Miré su abrigo beis, el grueso sello de su dedo y el Rolex medio oculto por el perfecto puño de su camisa blanca.

—Quiero ayudarte.

—¿Y usted obtiene a cambio…?

—Un porcentaje, por supuesto. —Fijó sus duros ojos grises en mí. No pude evitarlo. Era de mediana edad y aún le quedaban otros treinta años de líos, tratos y trapicheos—. No soy una organización benéfica, claro. Estaremos juntos en esto, Jem.

—No. Que te den.

—¿Cómo?

—Que te den. No quiero saber nada de eso. No quiero tu ayuda. —Escupí la palabra como si fuera un taco—. No quiero tu dinero. Ni fama. No quiero ser una famosilla.

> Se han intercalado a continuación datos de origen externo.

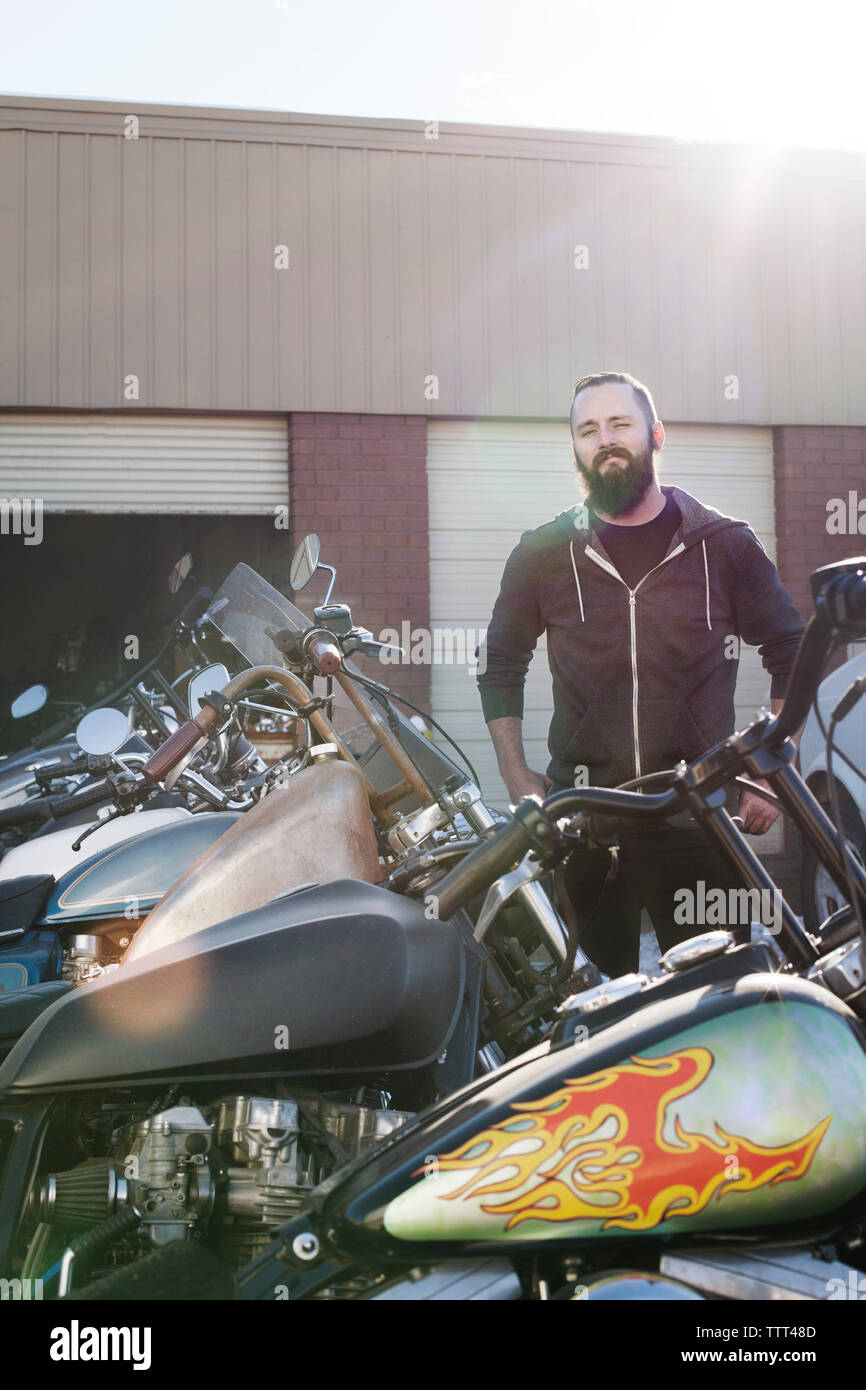 Zuversichtlich Mechaniker stehen Motorräder außerhalb des Shops Stockfoto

Me miró como si hubiera perdido la cabeza.

—No tienes ni idea de lo que dices. No puedes alejarte de esto. Estarías loca si lo hicieras.

—Sé lo que estoy haciendo. Y sé lo que quiero. Y quiero que te vayas inmediatamente.

Levantó ambas manos.

—No te precipites. Ahora mismo estás bajo mucha presión, lo sé. Te voy a dejar para que hables con tu madre. Te dejo respirar un poco. Estaré fuera.

Karen había estado observando toda la conversación sentada en una esquina. Pensé en su pequeña casa en Londres con el papel pintado que se caía donde estaba la mancha de humedad en la cocina. Se había pasado toda la vida intentando apañárselas con poco dinero. ¿Qué le parecería a ella que siguiera con todo aquello? Sabía que sólo le quedaban unos años. Tal vez lo que prometía ese tipo hiciera que los que le quedaban fueran los mejores años de su vida.

—¿Qué piensas, Karen?

Meneó la cabeza.

—Ya sabes lo que pienso de todo esto. Ya ha ido demasiado lejos. Si empiezas a dar entrevistas y a escribir libros, sólo irá a peor.

—Pero podría comprarte cosas. Una casa más grande con un jardín enorme para los niños.

Su expresión se suavizó.

—Les gustaría, ¿verdad? —dijo—. Pero no tienes que comprarme nada, Jem. Estamos bien como estamos. Este mundo… Es todo fantasía, no es real. Te conozco, Jem. Eso no es lo que tú quieres, ¿a que no?

Tal vez sí que me conocía después de todo. Le sonreí.

—No. Todo eso es una mierda.

Karen abrió la boca para quejarse por mi lenguaje, pero volvió a cerrarla y se acercó para darme un abrazo.

—No quiero nada de eso —le dije—. Sólo quiero que se vayan todos. No debería habérselo dicho a nadie.

—No pasa nada. Nada. —Seguía abrazándome, pero yo me separé.

—No va a desaparecer, ¿verdad? Este tipo de cosas se alimentan de sí mismas. Ahora está ahí fuera y no hay forma de pararlo.

—Creo que tú puedes pararlo.

—¿Cómo?

Me miró directamente a los ojos.

—Díselo. Diles que te lo has inventado. Que no es verdad.